Après Les Impatientes et Cœur du Sahel, Djaïli Amadou Amal nous livre une histoire d’amour bouleversante et romanesque d’une cruelle actualité. Dans Le Harem du roi, elle brise à nouveau les tabous sur le mariage forcé et la polygamie, en dénonçant la servitude en Afrique et en donnant une voix à celles et ceux dont on ne connaît pas l’existence.
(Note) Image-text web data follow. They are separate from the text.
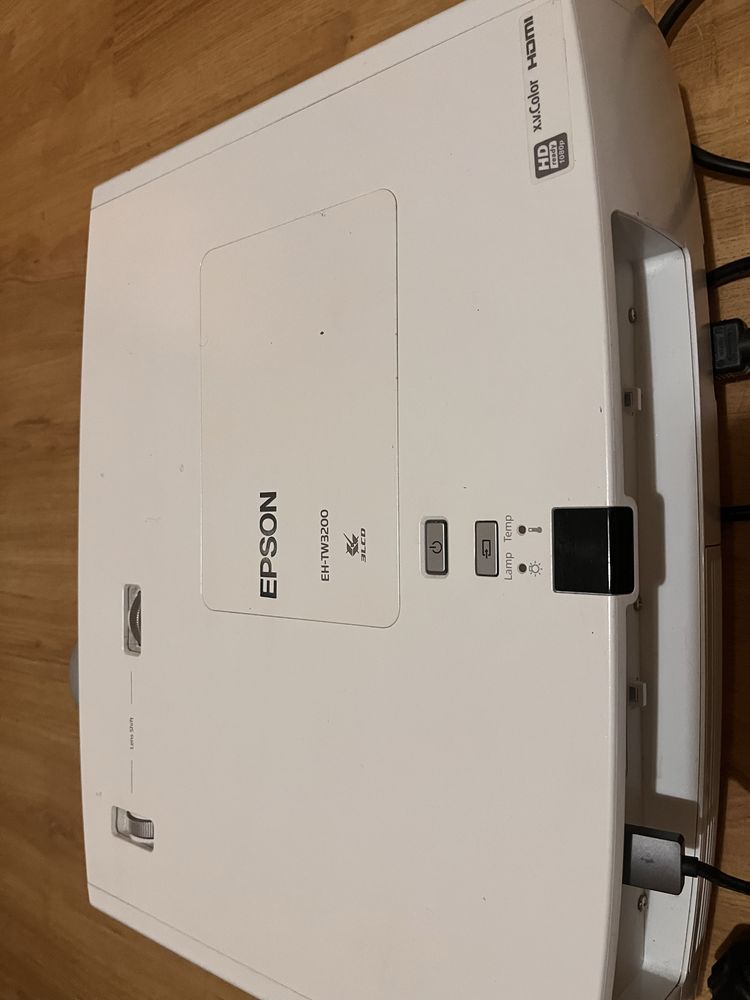 Projektor EPSON EH-TW3200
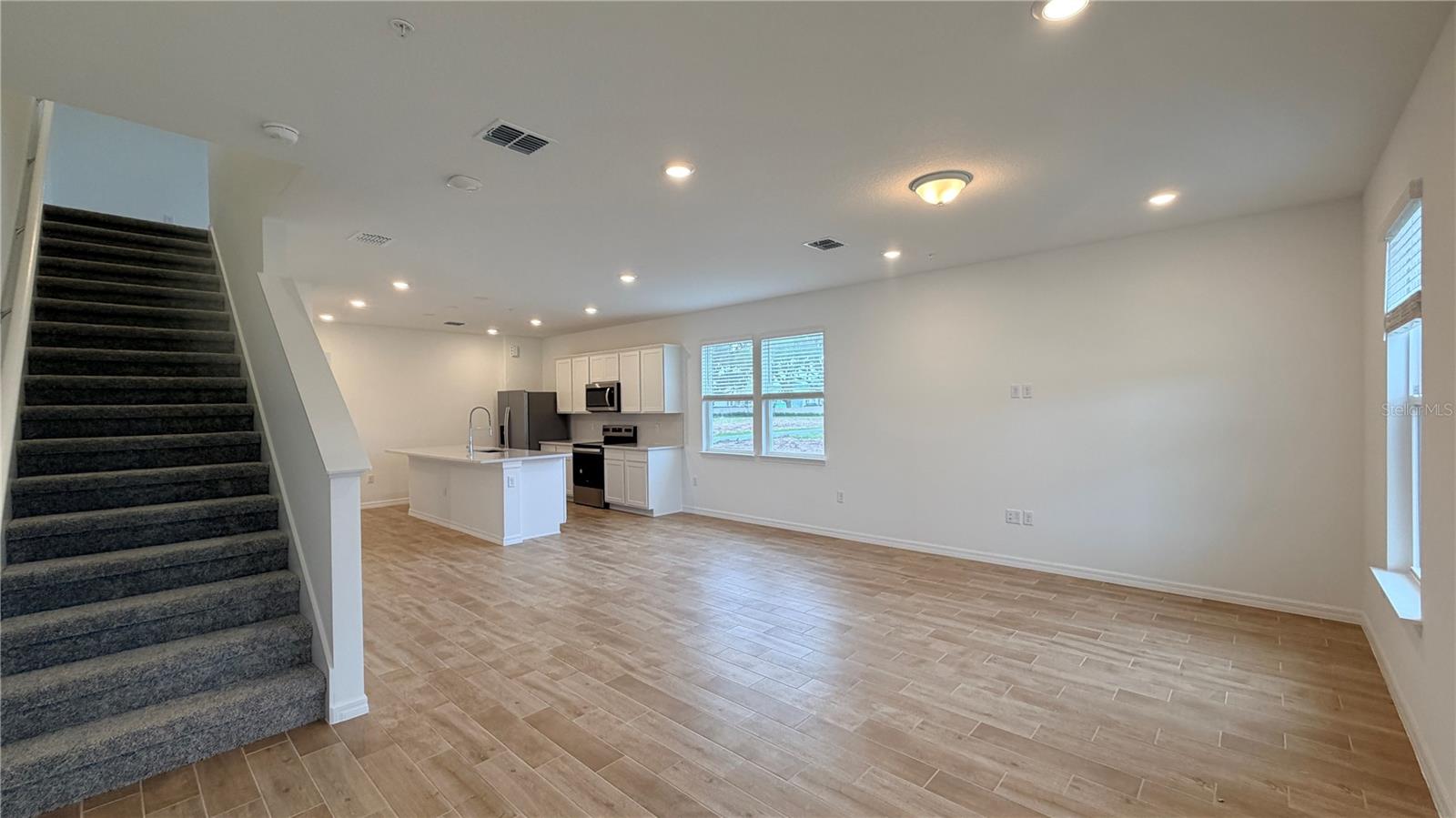 Image 3 of 29 For 11523 Harborview Street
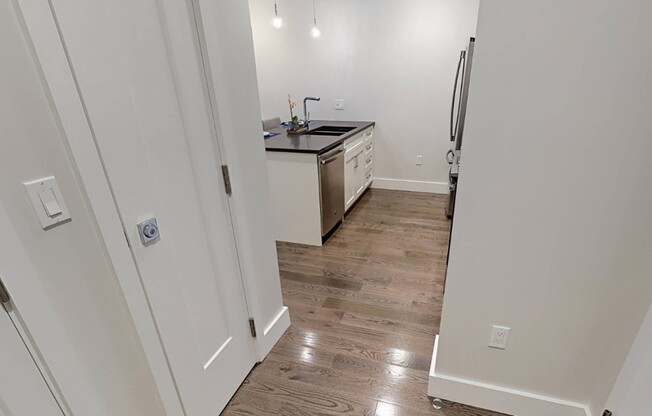 1 bed, 1 bath, $3,200, Unit 305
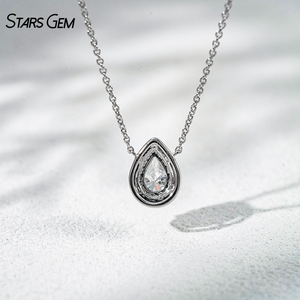 Collar con Colgante de Diamante Cultivado en Laboratorio StarsGem, Oro Sólido de 10K, 0.58ct, Corte Brillante, Forma de Pera, Bañado en Rodio Blanco, Color D, Clásico - Product Image 3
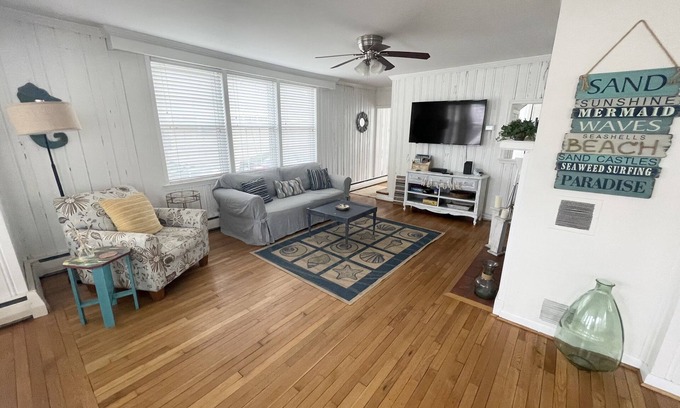 Northeast Virginia Beach House | Private North End Beach House-1 Block From Ocean!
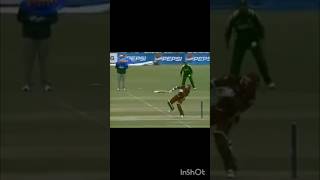 Brutal Bowling Of Shoaib Akhter to Brain LaraShoaib Akhter vs Brain Lara [upl. by Ekusoyr839]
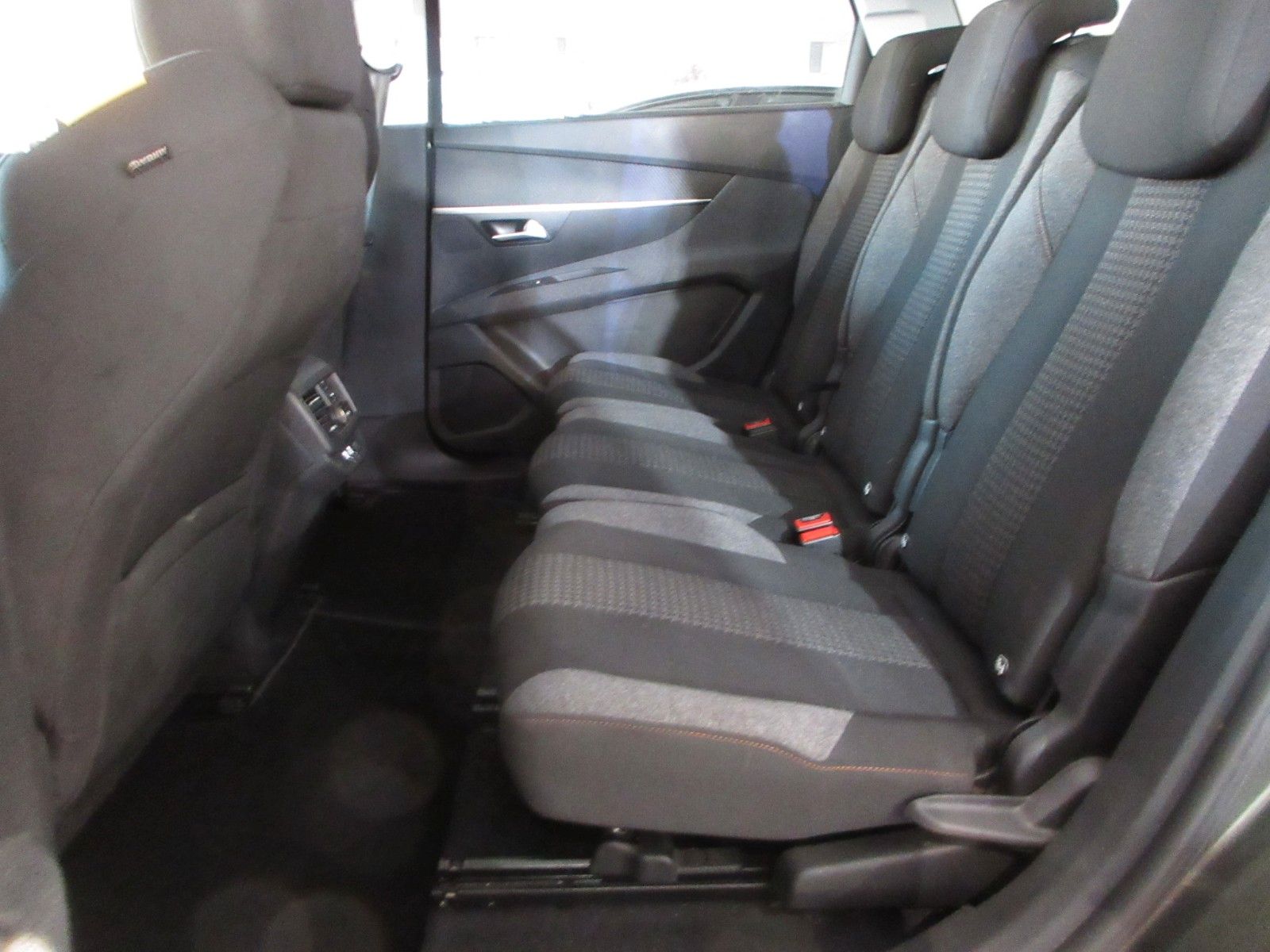 Fahrzeugabbildung Peugeot 5008 Active 1.2T LED/NAVI/PDC/TEMPOMAT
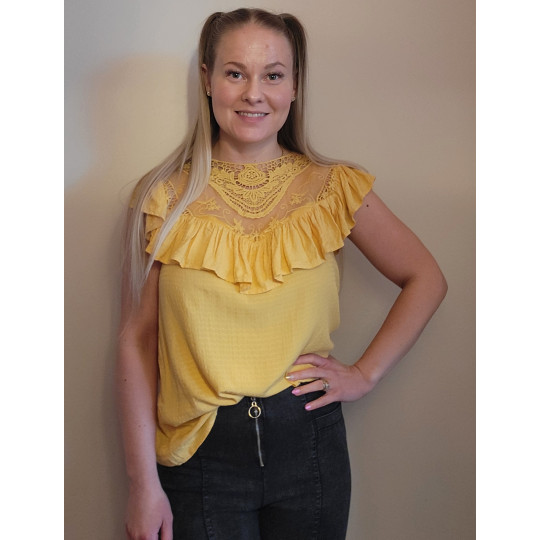 Yellow short-sleeved...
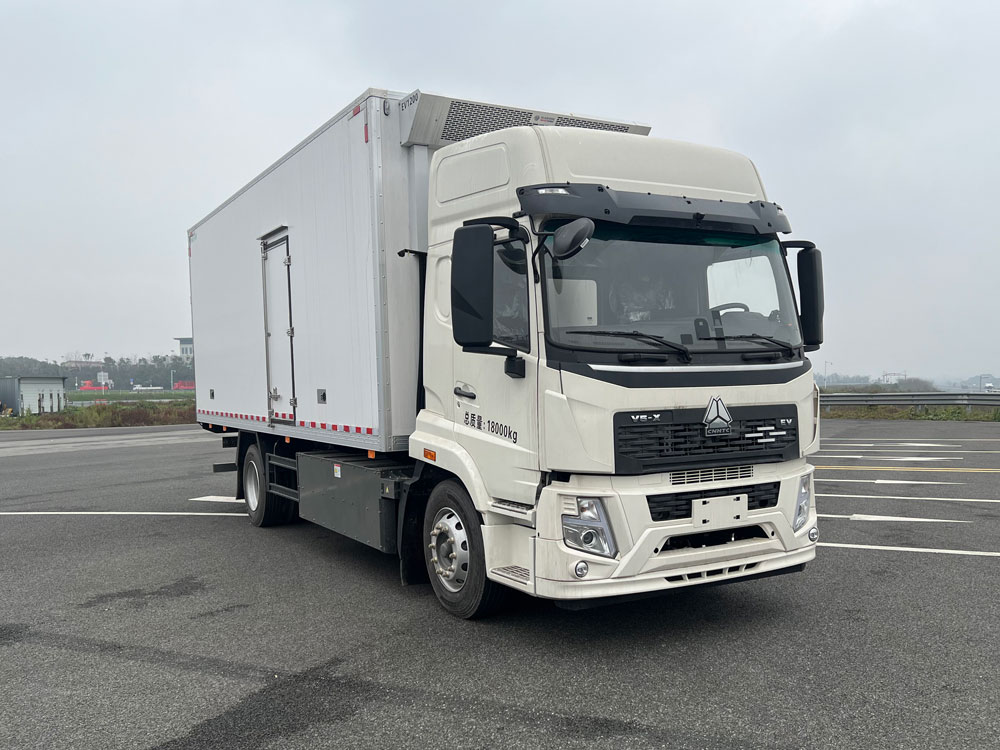 豪沃牌ZZ5184XLCK5017Z1BEV純電動冷藏車公告圖片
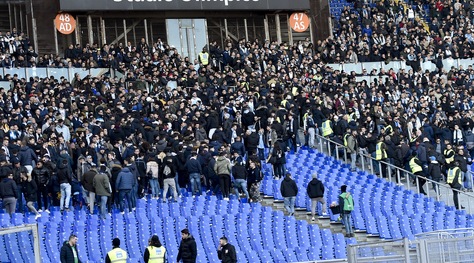 Lazio-Novara, cori antisemiti e a sfondo razzista dalla curva biancoceleste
« Lumière vacillante » de Nino Haratischwili – Ed. Gallimard
Elles sont quatre : il y a Nene la romantique, Ira la cérébrale, Dina l'idéaliste et Keto l'observatrice. Voisines depuis l'enfance, elles grandissent ensemble à Tbilissi, en Géorgie, au moment où l'Union soviétique s'effrondre et où se pose la question de l'avenir de leur pays. Chacune à leur manière, les quatre amies vont faire l'expérience de l'amour, de l'espoir, de la déception, de la trahison, et être confrontées aux conséquences, dans leur vie privée, de ces événements politiques et historiques qui feront bifurquer à jamais leurs existences.
« Théodoros » de Mircea Cartarescù
À 68 ans, Mircea Cărtărescu
s’est depuis longtemps imposé comme l’un des maîtres de la littérature du XXIe siècle, de sa grande trilogie Orbitor (1996) au chef-d’œuvre Solénoïde (2015). Avec Théodoros, l’écrivain roumain franchit peut-être un nouveau cap : celui de maître du Verbe. Cette histoire fantasmée de l’empereur Téwodros II d’Éthiopie, qui régna au XIXe siècle, emprunte à l’onirisme et au fantastique dont Cărtărescu aime peupler sa création, comme dans Le Levant (1990) où il narrait l’épopée d’un jeune révolté. Mélangeant habilement le vrai et l’imaginaire, rendant possible l’impossible, l’écrivain roumain Mircea Cărtărescu rembobine à sa façon l’existence de ce personnage historique réel en lui faisant faire quelques tours de plus.
« Cabane » d’Abel Quentin » Ed. de L'Observatoire.
C'est le troisième roman d'Abel Quentin. Au cœur de ce livre, un rapport scientifique qui a été publié au début des années 1970 et qui nous alertait déjà sur les limites et les dangers de la croissance pour la planète. À partir de là, Abel Quentin invente la vie des quatre chercheurs qui ont établi ce constat alarmant : un couple d'Américains qui a tenté d'alerter sans être entendu, un Français surtout motivé par l'appât du gain, et un mathématicien norvégien qui disparaît mystérieusement. La moitié du roman est consacrée à l'enquête d'un jeune journaliste sur ce mathématicien. C'est une fresque du début des années 1970 à aujourd'hui sur l'inaction climatique et les destins qu'elle dessine.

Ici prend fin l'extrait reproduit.